Resin 4.0 clustering
A major chunk of the work for Resin 4.0 is refactoring our clustering architecture and code to better support dynamic and virtual servers, now that that ISPs are more flexible about adding and removing servers to handle load spikes. As a major side benefit to this work, we expect to simplify deployment and management of single server sites, and also offer distributed and single caching services like JCache. This added flexibility requires a redesign of our clustered sessions and load balancing.

Our goals for Resin 4.0 architecture include the following:
- Keep single servers simple to configure and manage
- Adding and remove dynamic servers allowed during runtime, at short notice for load and power management
- Improve scalability and performance of distributed caches and sessions
- Improve reliability with the triplicate-backup in the triad servers
- Focus administration effort on the triad servers, other servers can come and go
- Add remote deployment for both single server and clustered server configurations
The architecture we’ve chosen is a replicated hub-and-spoke model. The first three servers form a fully-connected and replicated hub (the “triad”). Following servers connect to all three triad servers, but do not normally connect to each other, avoiding the nxn scalability issue. Single and dual server configurations form a mini-hub, i.e. they are fully-connected and replicated, and are configured and used exactly the same as larger configurations.

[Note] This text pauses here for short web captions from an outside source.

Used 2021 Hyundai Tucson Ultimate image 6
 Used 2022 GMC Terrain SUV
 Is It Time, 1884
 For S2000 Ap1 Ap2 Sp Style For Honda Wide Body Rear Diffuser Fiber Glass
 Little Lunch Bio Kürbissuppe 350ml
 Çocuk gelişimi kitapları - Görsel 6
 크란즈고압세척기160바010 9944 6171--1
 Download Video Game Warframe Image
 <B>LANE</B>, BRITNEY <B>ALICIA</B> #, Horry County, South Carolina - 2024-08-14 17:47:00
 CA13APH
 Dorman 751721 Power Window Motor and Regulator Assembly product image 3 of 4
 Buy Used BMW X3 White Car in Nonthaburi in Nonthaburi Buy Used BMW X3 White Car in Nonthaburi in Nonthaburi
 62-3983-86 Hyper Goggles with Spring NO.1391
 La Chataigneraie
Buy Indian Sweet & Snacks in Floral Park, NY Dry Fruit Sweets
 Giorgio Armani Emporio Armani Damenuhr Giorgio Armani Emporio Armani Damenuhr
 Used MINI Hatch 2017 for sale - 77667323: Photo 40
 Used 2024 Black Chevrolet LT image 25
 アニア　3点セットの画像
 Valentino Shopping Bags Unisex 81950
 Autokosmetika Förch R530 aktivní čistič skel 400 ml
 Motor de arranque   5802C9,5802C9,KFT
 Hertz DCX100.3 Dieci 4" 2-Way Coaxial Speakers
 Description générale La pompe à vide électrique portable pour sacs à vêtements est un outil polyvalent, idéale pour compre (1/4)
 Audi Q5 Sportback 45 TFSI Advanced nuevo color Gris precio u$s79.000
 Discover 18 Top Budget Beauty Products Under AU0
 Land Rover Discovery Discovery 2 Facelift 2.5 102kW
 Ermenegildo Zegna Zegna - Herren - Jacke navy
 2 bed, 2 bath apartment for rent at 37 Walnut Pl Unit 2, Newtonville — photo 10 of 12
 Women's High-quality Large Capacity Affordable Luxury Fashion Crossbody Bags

Each “triad domain” is a triad of servers as the hub and additional servers as spokes, up to a total of 64. Sites larger than 64 will partition into multiple triad domains. Most communication like caching will remain in the triad domain, while shared information is communicated between the hubs.
Because all the critical data is stored on the triad-hub, the spoke-servers can be taken down for maintenance or disappear without affecting the reliability of the system. Because the triad-hub servers are critical, we recommend using a virtual server system so you can quickly replace a triad server during maintenance or system failure.